**Material shown:**
Start of Block

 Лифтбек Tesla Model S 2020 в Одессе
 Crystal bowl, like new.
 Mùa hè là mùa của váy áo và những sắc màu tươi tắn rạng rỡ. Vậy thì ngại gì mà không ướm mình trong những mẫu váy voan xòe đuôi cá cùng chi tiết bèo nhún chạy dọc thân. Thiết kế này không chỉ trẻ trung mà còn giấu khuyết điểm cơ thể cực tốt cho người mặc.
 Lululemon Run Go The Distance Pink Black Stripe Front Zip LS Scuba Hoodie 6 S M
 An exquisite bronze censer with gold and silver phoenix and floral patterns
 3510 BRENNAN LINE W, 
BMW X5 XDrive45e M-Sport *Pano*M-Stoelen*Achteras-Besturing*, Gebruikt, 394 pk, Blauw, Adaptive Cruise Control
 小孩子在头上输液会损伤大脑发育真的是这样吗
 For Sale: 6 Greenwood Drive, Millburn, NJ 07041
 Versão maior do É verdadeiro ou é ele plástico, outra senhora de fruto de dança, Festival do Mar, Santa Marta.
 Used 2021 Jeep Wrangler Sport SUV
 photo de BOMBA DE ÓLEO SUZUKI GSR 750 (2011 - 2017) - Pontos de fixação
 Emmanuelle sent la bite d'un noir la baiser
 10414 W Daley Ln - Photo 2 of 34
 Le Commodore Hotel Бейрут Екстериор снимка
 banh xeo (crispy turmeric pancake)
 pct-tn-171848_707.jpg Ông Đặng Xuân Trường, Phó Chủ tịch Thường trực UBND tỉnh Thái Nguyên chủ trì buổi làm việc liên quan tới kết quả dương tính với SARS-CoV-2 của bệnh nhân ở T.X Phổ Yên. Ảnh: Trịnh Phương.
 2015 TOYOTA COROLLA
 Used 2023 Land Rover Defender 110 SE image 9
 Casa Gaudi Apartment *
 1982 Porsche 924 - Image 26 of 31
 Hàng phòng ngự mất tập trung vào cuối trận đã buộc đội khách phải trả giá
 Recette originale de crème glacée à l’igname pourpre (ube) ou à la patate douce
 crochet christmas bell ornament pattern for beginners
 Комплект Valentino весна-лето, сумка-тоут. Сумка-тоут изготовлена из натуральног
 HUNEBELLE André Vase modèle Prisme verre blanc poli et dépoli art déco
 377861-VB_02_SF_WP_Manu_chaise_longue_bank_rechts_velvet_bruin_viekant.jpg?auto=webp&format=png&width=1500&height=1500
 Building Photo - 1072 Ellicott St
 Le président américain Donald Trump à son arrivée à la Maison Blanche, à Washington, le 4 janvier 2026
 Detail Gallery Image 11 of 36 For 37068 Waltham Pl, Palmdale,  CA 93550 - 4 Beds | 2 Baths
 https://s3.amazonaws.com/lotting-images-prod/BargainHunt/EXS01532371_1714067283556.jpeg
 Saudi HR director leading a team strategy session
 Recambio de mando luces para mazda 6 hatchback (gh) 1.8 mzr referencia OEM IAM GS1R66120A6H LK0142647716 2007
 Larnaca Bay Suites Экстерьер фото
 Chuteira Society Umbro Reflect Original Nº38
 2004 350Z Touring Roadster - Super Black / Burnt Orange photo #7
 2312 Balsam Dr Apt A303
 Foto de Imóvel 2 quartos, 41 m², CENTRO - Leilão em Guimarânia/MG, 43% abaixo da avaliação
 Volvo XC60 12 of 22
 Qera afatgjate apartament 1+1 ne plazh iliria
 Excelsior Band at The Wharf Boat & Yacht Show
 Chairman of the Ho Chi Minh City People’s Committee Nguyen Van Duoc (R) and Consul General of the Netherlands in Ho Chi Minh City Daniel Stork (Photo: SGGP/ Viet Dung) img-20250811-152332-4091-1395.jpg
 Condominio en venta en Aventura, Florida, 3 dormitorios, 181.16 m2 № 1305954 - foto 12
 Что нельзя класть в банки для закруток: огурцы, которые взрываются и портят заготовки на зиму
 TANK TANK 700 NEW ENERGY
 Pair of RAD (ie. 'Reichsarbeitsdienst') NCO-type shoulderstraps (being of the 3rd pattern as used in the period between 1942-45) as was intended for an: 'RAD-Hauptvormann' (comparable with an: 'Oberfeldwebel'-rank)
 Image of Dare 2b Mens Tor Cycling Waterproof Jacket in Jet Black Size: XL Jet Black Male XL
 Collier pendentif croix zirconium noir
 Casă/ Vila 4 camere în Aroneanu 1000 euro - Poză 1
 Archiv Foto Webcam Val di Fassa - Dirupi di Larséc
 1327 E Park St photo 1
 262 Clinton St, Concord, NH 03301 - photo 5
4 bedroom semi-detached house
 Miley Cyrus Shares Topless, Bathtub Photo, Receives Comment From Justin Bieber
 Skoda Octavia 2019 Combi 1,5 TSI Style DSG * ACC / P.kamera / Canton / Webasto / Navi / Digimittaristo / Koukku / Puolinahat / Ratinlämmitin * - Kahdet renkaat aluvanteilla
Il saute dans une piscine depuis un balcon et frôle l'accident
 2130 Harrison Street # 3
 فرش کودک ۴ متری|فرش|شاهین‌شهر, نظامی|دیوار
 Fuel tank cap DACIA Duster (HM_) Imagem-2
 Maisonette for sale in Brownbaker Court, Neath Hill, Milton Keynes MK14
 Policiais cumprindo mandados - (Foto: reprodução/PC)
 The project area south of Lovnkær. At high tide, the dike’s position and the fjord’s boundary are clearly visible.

End of Block

**How to complete this task:** When a line in the data holds the word "trung", show that line.

**Answer space:**
 Mùa hè là mùa của váy áo và những sắc màu tươi tắn rạng rỡ. Vậy thì ngại gì mà không ướm mình trong những mẫu váy voan xòe đuôi cá cùng chi tiết bèo nhún chạy dọc thân. Thiết kế này không chỉ trẻ trung mà còn giấu khuyết điểm cơ thể cực tốt cho người mặc.
 Hàng phòng ngự mất tập trung vào cuối trận đã buộc đội khách phải trả giá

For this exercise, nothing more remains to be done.